This post concerns a decision issued by a Supreme Court Justice in a complex corporate dissolution proceeding. It highlights the importance of familiarity with estate practice, even if you never plan to step foot into a Surrogate’s Court.
In Matter of Pappas v Corifan Enterprises Ltd., NYLJ 2/19/09 (Sup. Ct. Kings County 2009), the issue was whether the Petitioner — the surviving spouse of the decedent — had standing to petition for dissolution of two closely held corporations. Respondent argued that the decedent — and, thus, the Petitioner — lacked the requisite 20 percent ownership interest in the corporations. He argued that he was the sole owner of the corporations. After a hearing limited to the issue of standing, at which the court heard 14 witnesses testify over eight days and admitted 48 documents into evidence, the court determined that the Petitioner met her burden of demonstrating an ownership interest in one corporation, but not the other.
The substantive legal aspects of the decision are beyond the scope of this post (although an article published by my colleague, Peter Mahler, on his New York Business Divorce blog, contains an excellent discussion of the same). What should be of interest to the trust and estate litigator is the evidence the court analyzed in reaching its determination.
First, the court started by addressing the evidentiary value of admissions made by the fiduciary of an estate:
Where, as here, one of the principals is deceased, “the admissions or declarations of administrators and executors may be evidence – where they are made while engaged in the performance of a duty pertaining to the estate in a representative capacity, in which the declaration is pertinent and accompanies the act so as to constitute a part of the res gestae.” Estate tax returns and certifications can, therefore, constitute admissions of the deceased. The probative value of the statement is to be assessed in the light of the personal knowledge of the representative, and, in any event, the statement is not conclusive, but constitutes “some evidence” (citations omitted).
Indeed, the court considered evidence of the Petitioner’s knowledge of her husband’s business interests. Curiously, the court made no mention in the decision of New York’s “Dead Man’s Statute” (CPLR 4519), which makes testimony by an interested witness “concerning a personal transaction or communication between the witness and [a] deceased person or mentally ill person” excludable “[u]pon the trial of an action or the hearing upon the merits of a special proceeding[.]” The surviving spouse is certainly an “interested witness”, notwithstanding that she is the fiduciary of the estate. Perhaps the court did not consider the “standing” hearing to be a trial or hearing “on the merits” of the proceeding. Or perhaps the court considered applicable the “fiduciary” exception to the rule (see John M. Greenfield, A Treatise of Testimony Under § 347, Civil Practice Act § 120 [1923] [“Where executors or administrators sue or are sued as representatives of the estate, and the adverse party is not a personal representative, the general rule is that the testimony of an executor or administrator in behalf of the estate is not considered to be in his own behalf or interest even though he has a personal interest in the estate as legatee or heir and to that extent might be said to be testifying in his own interest.]).

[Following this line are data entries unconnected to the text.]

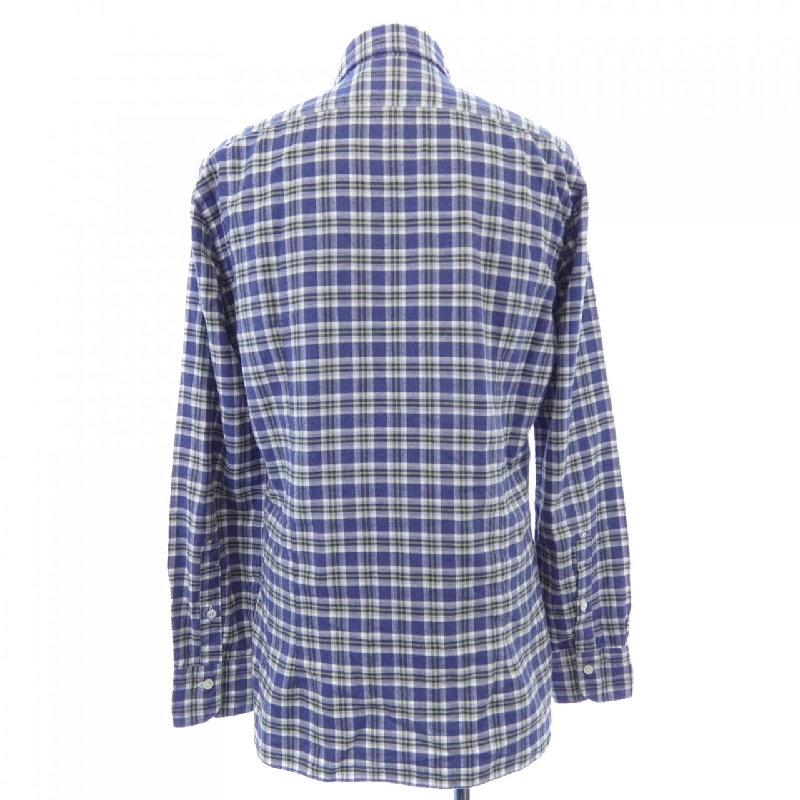 DANDYLIFE Shirt - Hàng hiệu Chính hãng 890964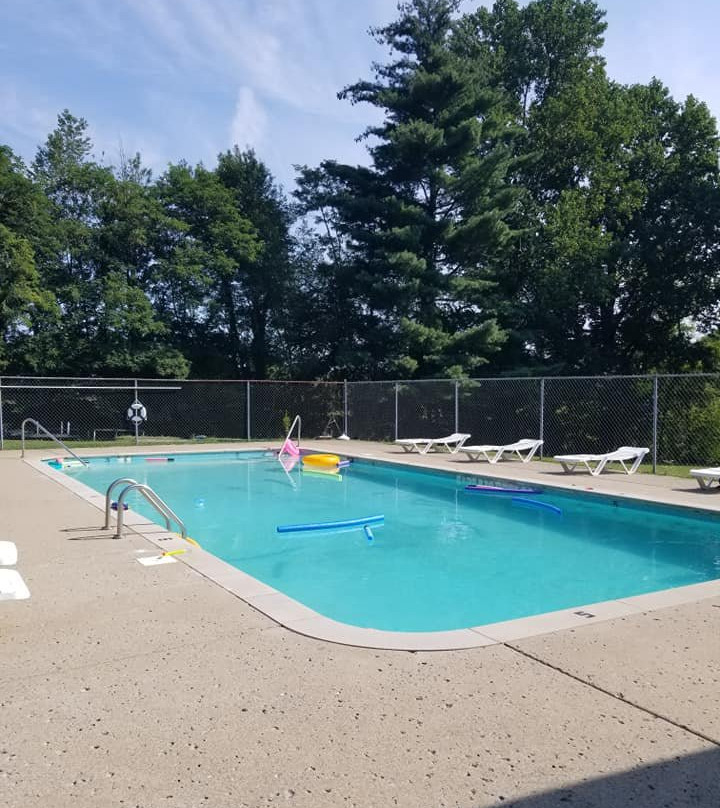 索姆奈县旅游攻略图片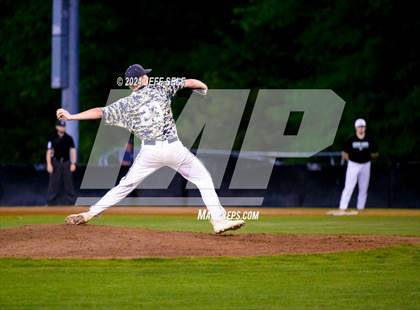 Thumbnail 2 in Western Branch @ Hickory photogallery.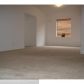 19105 STONEBROOK ST, Fort Lauderdale, FL 33332 ID:12131472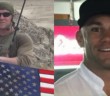 Navy Investigation: SEALs who died in Virginia Beach training pool were likely holding their breath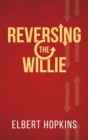 Image for Reversing The Willie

Second, the court considered documents prepared by the attorney who assisted the decedent with his estate planning. Specifically, the court considered an “Asset Questionnaire” that the attorney prepared using information provided by the decedent. The questionnaire was prepared approximately four months before the decedent’s death. The page in the questionnaire headed “Stocks” and the page headed “Interest in Corporation, Partnership and Limited Partnership” were both blank. The attorney testified that the decedent mentioned no businesses or properties in which he had an interest. But the attorney also testified that:
[T]here came a time when I started the information for the assets questionnaire and . . . I mentioned something about the fact that I understood that he was an employee of Mr. Fotinos. . . He stopped me immediately and said no, no not employee. Business partner. Business associates. Not employee.
Since the attorney was never asked, and did not explain, the apparent inconsistency between the decedent’s statement and the absence of information in the questionnaire, the court determined that the questionnaire was ambiguous at best.
The court also considered the probate petition and estate tax certification signed by the executor of the decedent’s estate. The petition, prepared by the same attorney discussed above, showed the value of personal property as zero, and the tax certification showed the value of stocks and bonds as zero. Those values, according to the court, were evidence as to the executor’s understanding of the decedent’s business interests. The court determined, however, that the probative value of the evidence was undermined by the ambiguous Asset Questionnaire in preparing the petition and tax certification.
In the end, the court determined that the decedent had an ownership interest in one corporation, but not the other. Again, how and why the court reached that determination — which seems a lot like King Solomon’s threat to “split the baby” — is not the focus of this article (again, Mr. Mahler’s article provides a detailed analysis of the merits of the case). But the fact that the court considered the estate planning documents significant should not be overlooked. Would a commercial litigator necessarily think to subpoena a decedent’s estate planning file in attempting to gather evidence of the decedent’s stock ownership? Probably not. But this case stands as an example of how “non-corporate” documents — estate documents in particular — can be useful in a corporate dispute.